An Ethical form of Hacking

Is it possible to be ethical yet hack into a company's website and online data? Apparently it can be, when the company asks you to, as Stuart Coulson explains...
02 September 2012

Interview with 

Stuart Coulson, Secarma


Chris -  Most people want to keep hackers out.  So the idea of paying them to attack your computer system sounds utterly mad.  But this is a growing industry and it's now worth 200 million pounds annually in the UK.  The idea is to use these legitimate attacks to try to find and plug security breaches in systems.  It goes by the name 'ethical hacking' although not everyone likes to call it that, including Stuart Coulson who is from
Secarma, a company that specialises in doing just this...

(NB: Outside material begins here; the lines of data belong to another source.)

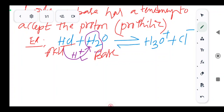Bronsted-Lowry theory is also known as the proton donor-proton acceptor theory, because here proton donation and proton acceptance are involved. Let's see some other examples.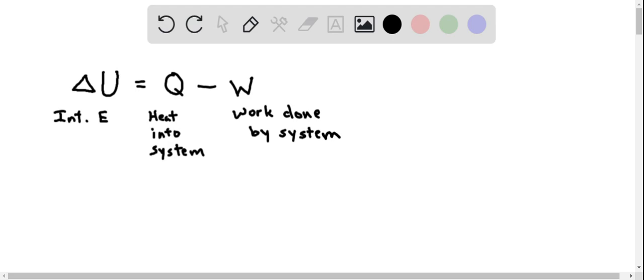All right, so now that we have our equation, we can plug in the specific values for this problem to solve for our change in internal energy.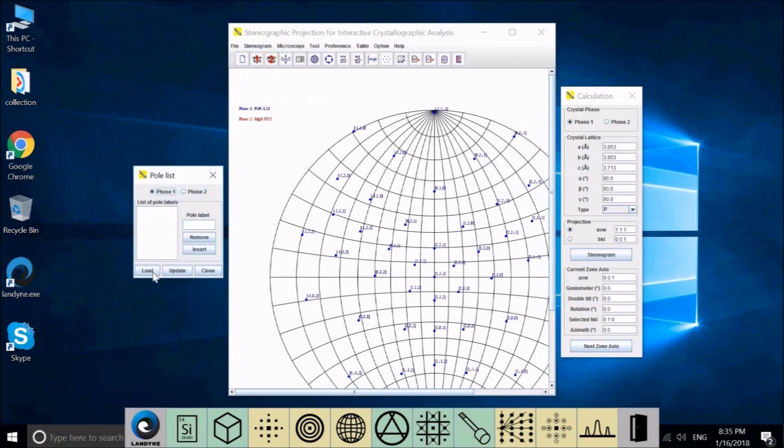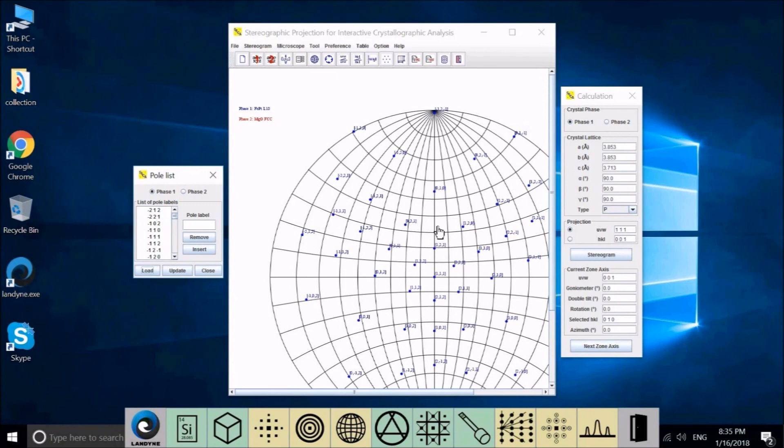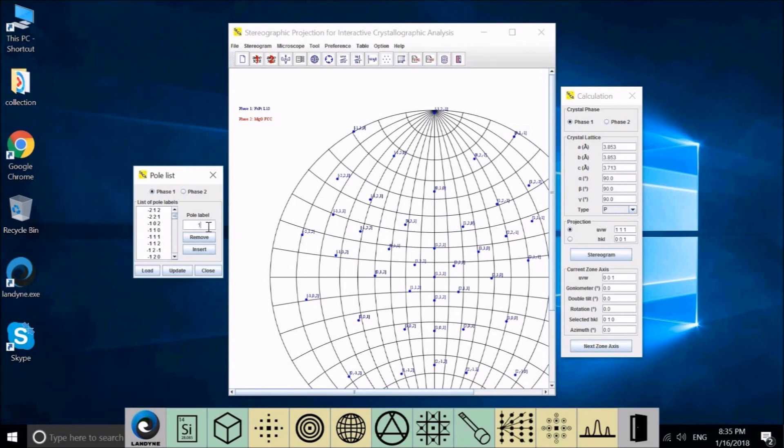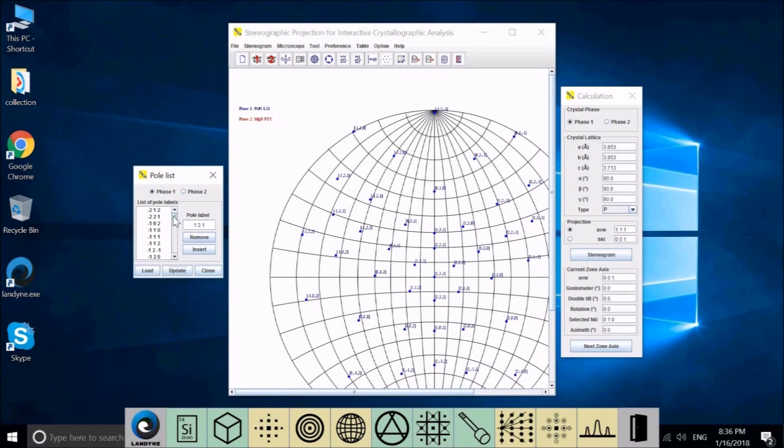Let's first set pole range to 2. Close. Generate stereogram. And we can open the pole list. This is the original one. We reload. So the maximum here number is 2 or minus 2. We want to add 1, 3, 1 pole. We want to see this one only. So we insert. Update. And you can see the new pole 1, 3, 1 here without affecting the others.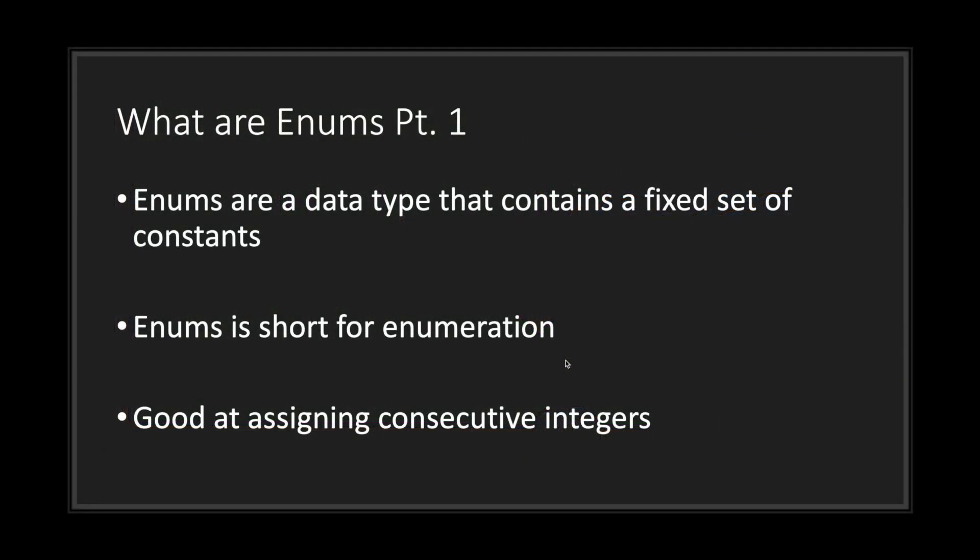Hello and welcome to another episode of the GDScript fundamental tutorial series. In this episode we will be talking about enums.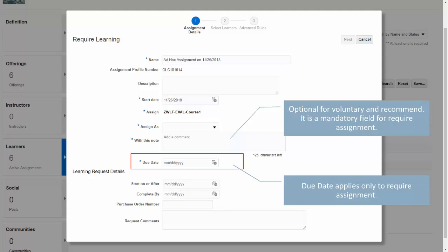For 'Assign As,' the specialist can select self or select from a list of values which also contains aliases such as Office of CEO, Security, Legal, etc. Then enter any text to display to the learners in the 'With This Note' field. 'With This Note' is mandatory for a required assignment; it is optional for voluntary and recommend assignments.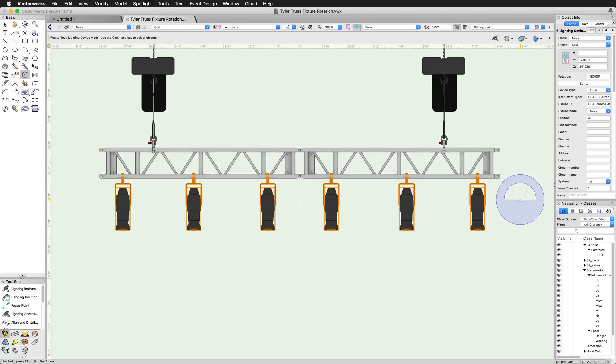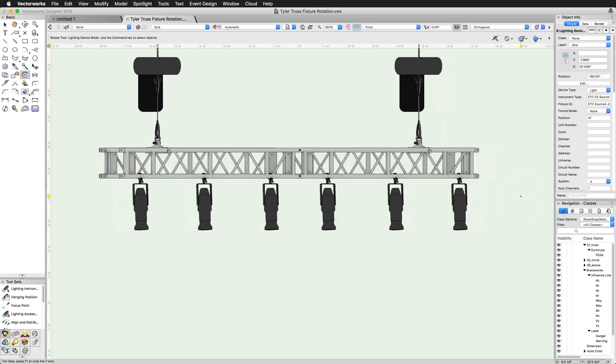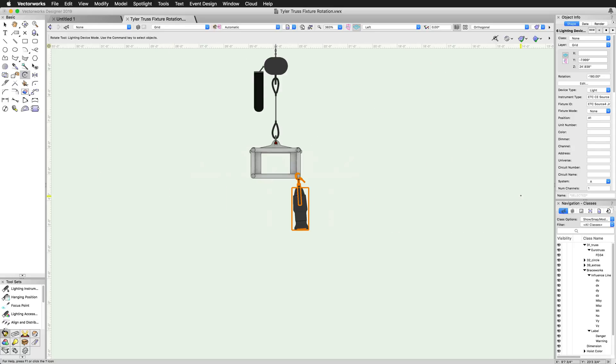With Vectorworks Spotlight 2019, you can work in 3D from the beginning. Quickly and easily rotate lighting devices in any 3D view using the Rotate tool, so you can model your design exactly how it will look in reality. This change is as simple as this.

A computerStuart -   I personally don't call it 'ethical hacking', I would call it 'ethical security testing.'  I think that's actually a more accurate title for it.  The H word means many things to many different people.  The general media would try and put the word 'hacker' as being some mastermind criminal who's out to get your credit card details and deface your website.  Ethical security testing is a much more easy thing to actually digest.  We are invited in by organisations to come and test their systems, their infrastructure, their websites potentially, just to see if they have holes, vulnerabilities that someone can easily exploit, someone who can easily use the tool off the internet, they've download it and walk through a website and potentially pull out credit card details, user names, passwords, or anything which is sensitive off that website.

Chris -   So if I give you the URL of our website,, you could run a scan to see if you can penetrate that or look for loopholes, areas where we might be vulnerable for example.

Stuart -   Not a problem at all.  It would be quite a simple thing for us to do.  We've got the tools which are on the machines in front of us here.  We use several tools, so we'll set several off at the same time.  If you want, we'll set one off now for you if that's okay?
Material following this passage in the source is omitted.